The contention that Minnesota hunters and anglers roll over too easily to public policy edicts and other circumstances that diminish the state's fish and wildlife populations, or their access to them, is not without merit.
The most recent example is the closing of night fishing on Mille Lacs this summer and fall by the Department of Natural Resources so walleye anglers won't exceed the state's harvest quota on the lake.
That much seems fair. But also banned from Mille Lacs at night — if only for the convenience of DNR enforcement officers — are other anglers, including bowfishermen and muskie fishermen, two groups that might not kill a walleye between them in a year.
Yet, being the compliant bunch we are, we adhere to the DNR's overarching ban obediently, with nary a whimper, losing, in this case, nighttime access to one of the state's best bowfishing and muskie fishing lakes.

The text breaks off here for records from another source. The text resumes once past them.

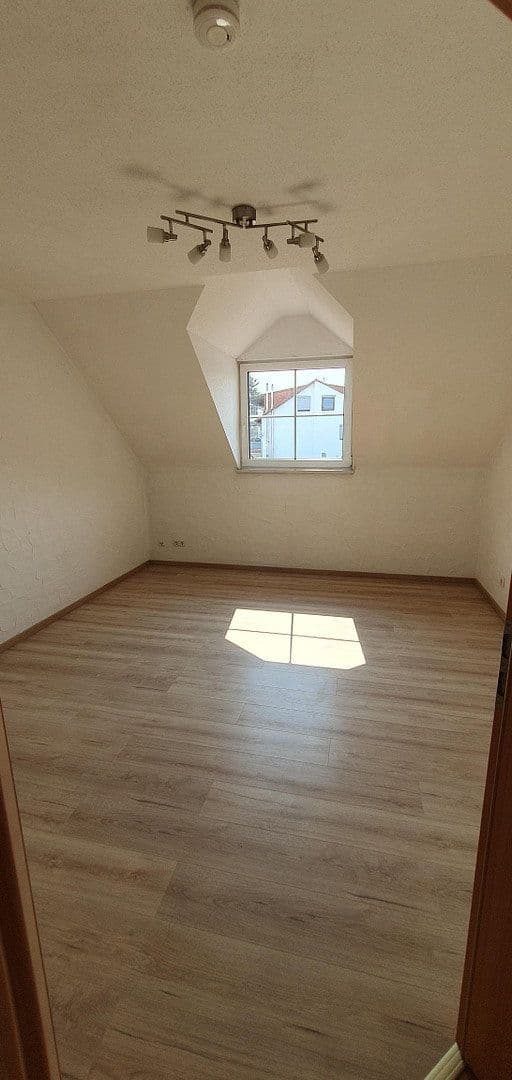 Predaj domu 180 m², pozemok 325 m², Bruchmühlbach-Miesau, Porýnie-Falcko Predaj domu 180 m², pozemok 325 m², Bruchmühlbach-Miesau, Porýnie-Falcko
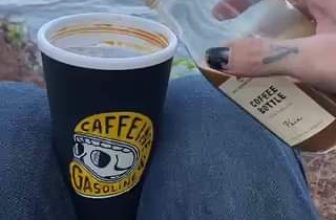 [☕️🇻🇳] Root Coffee Roastery 🥤 Top1Coffee ☕️ Cafe đóng chai của Root luôn tiện lợi , đồng hành cùng bạn đi khắp mọi nơi   Đặt món qua ShopeeFood và BAEMIN.
ROOT hotline 02 , shares-0✔️ , likes-6❤️️ , date-2022-02-07 09:44:45🇻🇳🇻🇳🇻🇳📰🆕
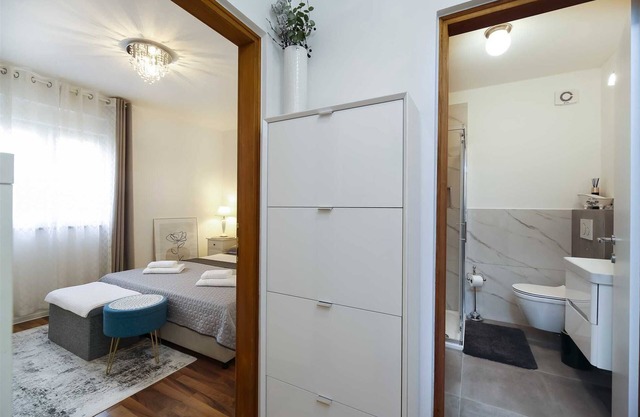 Cozy Couple's Getaway: 1-Bed 1-Bath Apartment with Parking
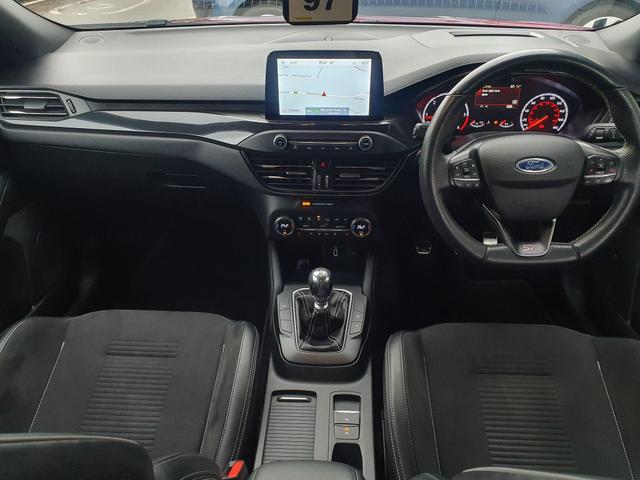 Used Ford Focus EF70CGO 25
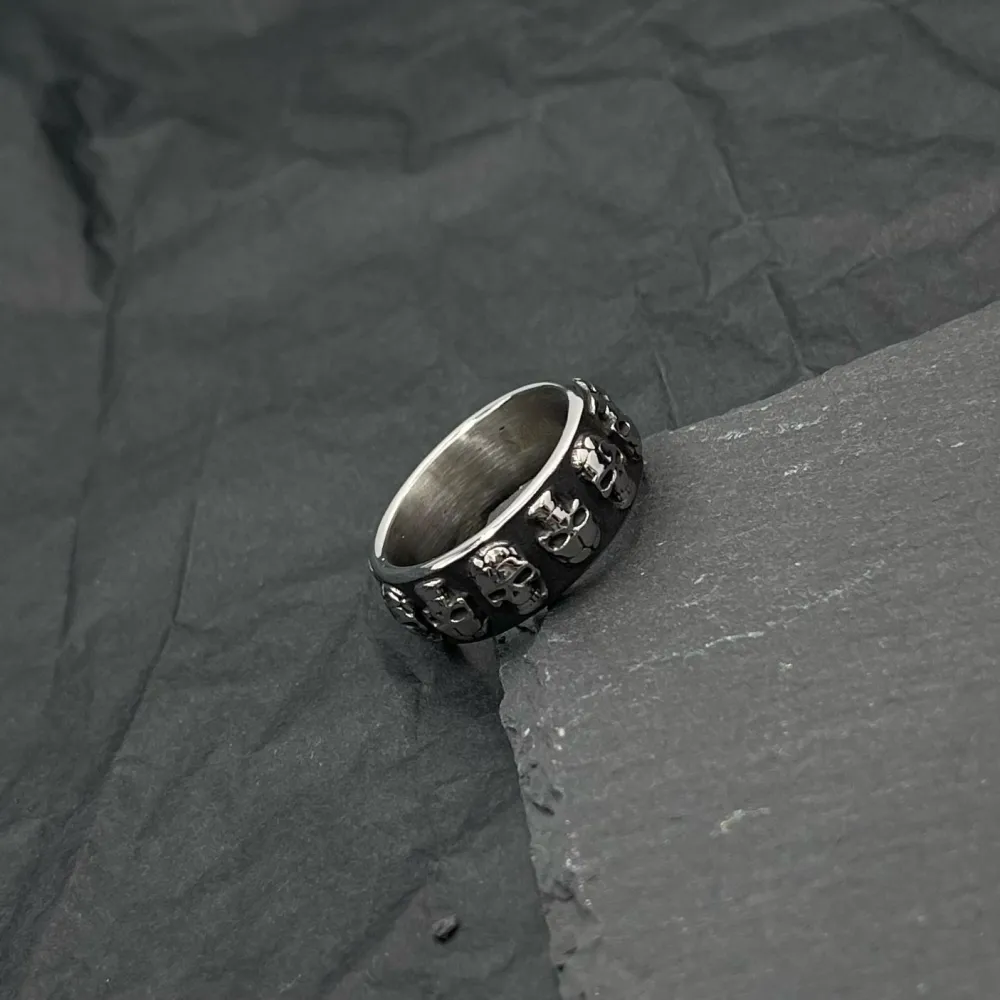 [AAU-105-147] Fede con Teschio-Anello in Acciaio con Misure - AAU-105-147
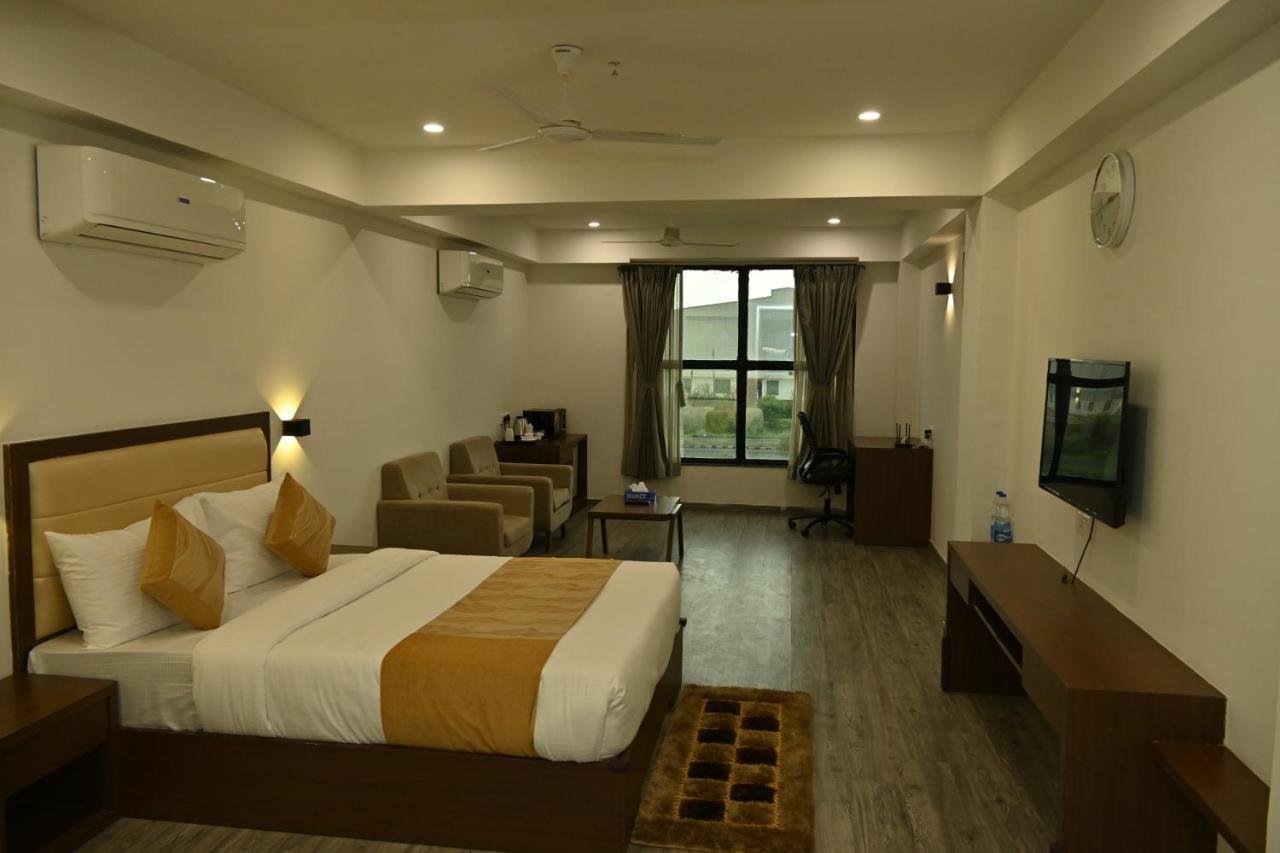 The Orange Zest Hotel Vithalpur Luaran gambar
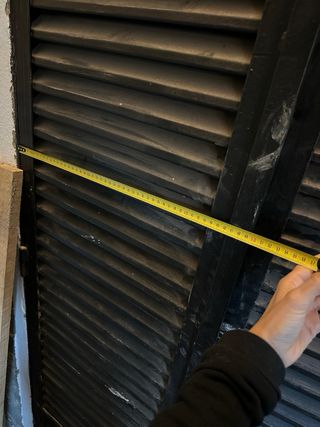 Puerta mallorquina negra de hierro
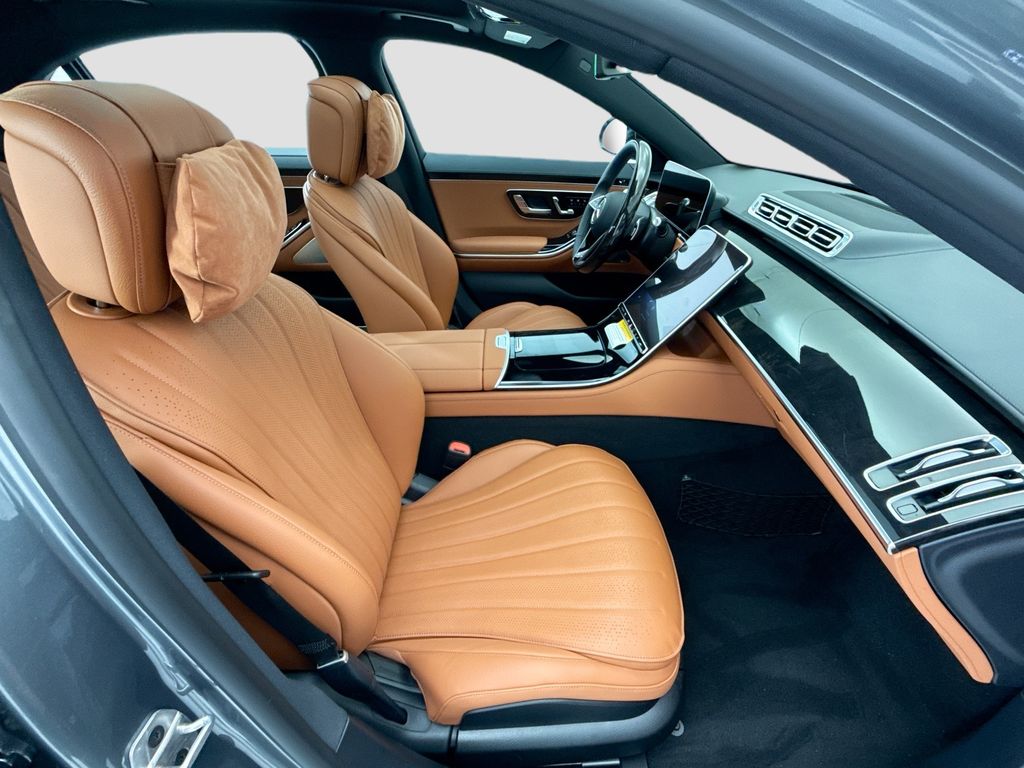 Thumbnail: 2026 Mercedes-Benz S-Class - 20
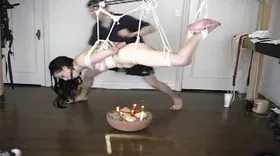 Maître expert en bondage frappe sa soumise ligotée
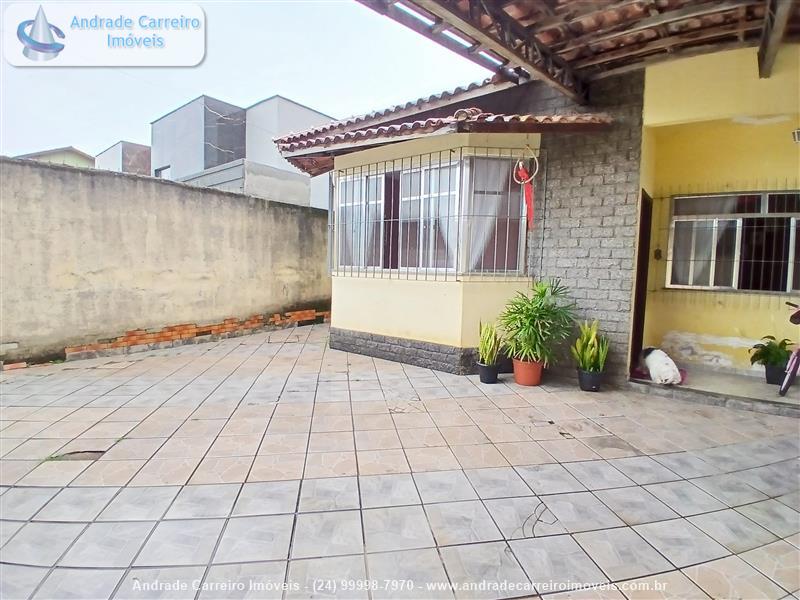 Casa a Venda no Jardim do Sol em Resende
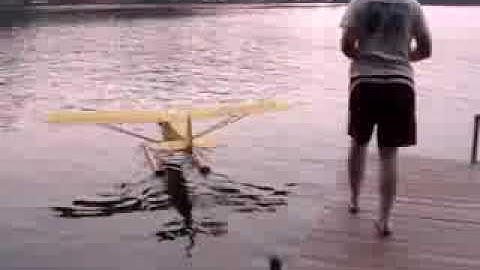 Balsa USA 1/4 scale J-3 Cub on floats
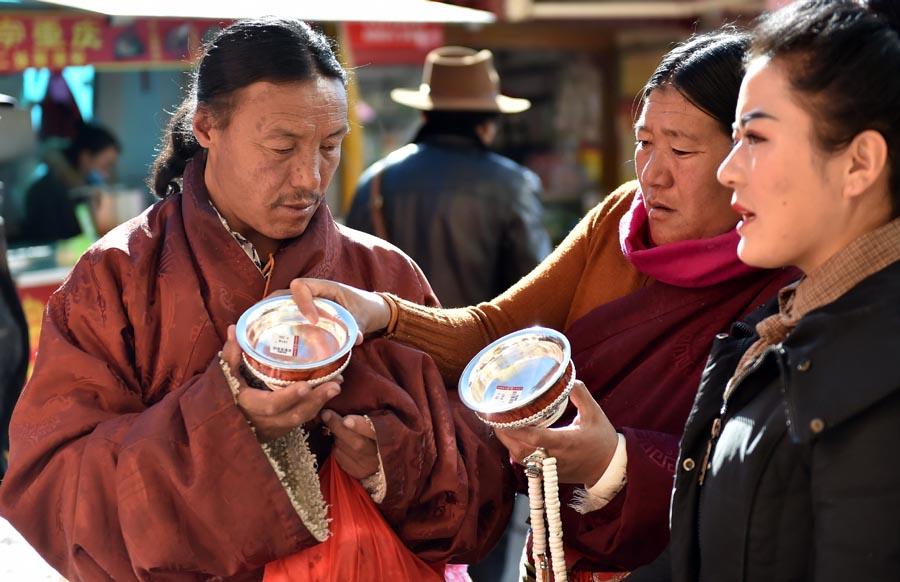 Customers buy new bowls in Lhasa, Jan. 22, 2019.  (Photo/Xinhua)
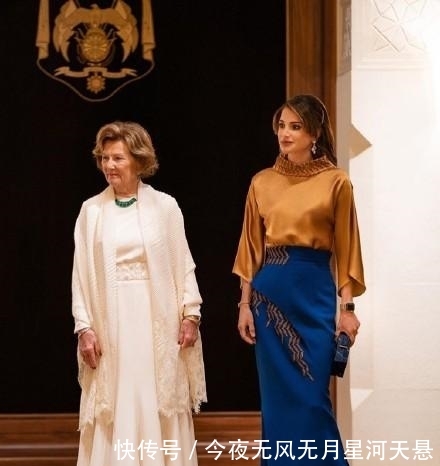  『约旦』约旦王后教我们职场穿搭，7件不同款式衬衫，怎么穿都有范儿
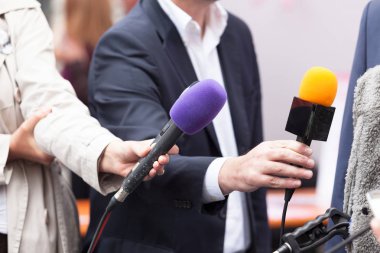 Mikrofonlar, holding Reportes medya yürütmektedir röportaj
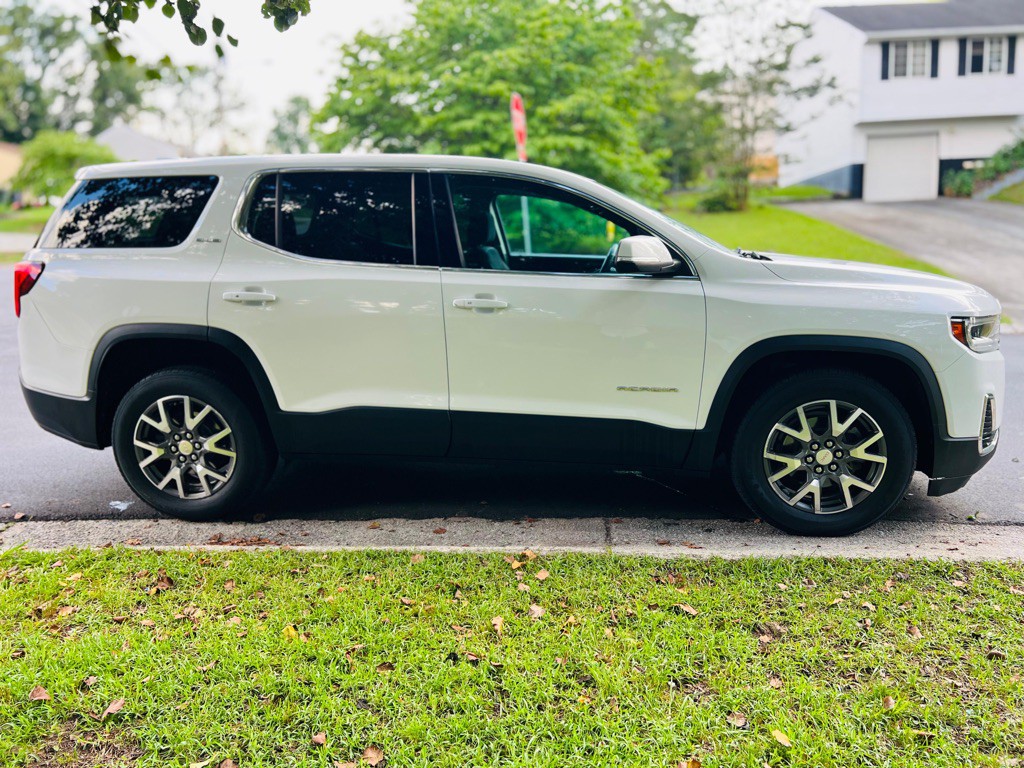 2020 GMC Acadia Image 9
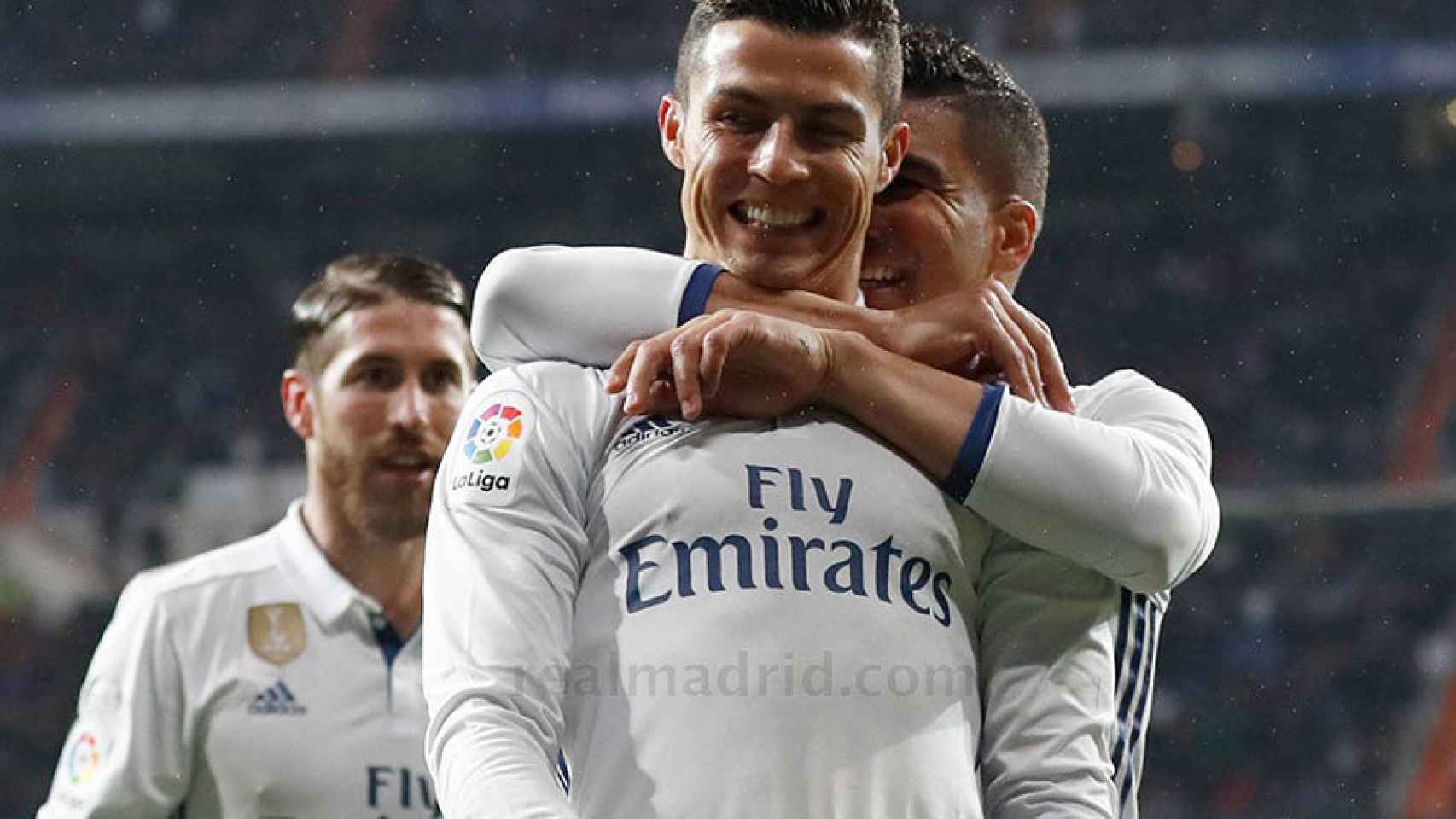 Cristiano Ronaldo y Casemiro celebran un gol.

Now, soon, comes mid-June and the phenologists among us turn a peeled eye to the state's few remaining grasslands. These and the relatively few untrammeled ditches that remain in southern Minnesota represent the mother lode of habitat upon which a pheasant rebound in the state depends. Obviously, they can't offset recent Conservation Reserve Program (CRP) losses in the state, which tallied a net 153,328 set-aside acres between 2012 and 2013 alone. But it's what we have left.
Or is it?
In fact, many lands in Minnesota that should remain reserved for soil conservation and wildlife habitat also have been lost, thanks to the meek acquiescence of the public at large, and particularly the acquiescence of sportsmen and women, whose responsibility should be to remain alert for such threats.
Example: To fatten their bottom lines, some southern Minnesota farmers are illegally planting crops in roadsides owned by the public, especially along rural township roads. This robs all taxpayers, but perhaps particularly pheasant hunters, because pheasants often nest in undisturbed roadsides.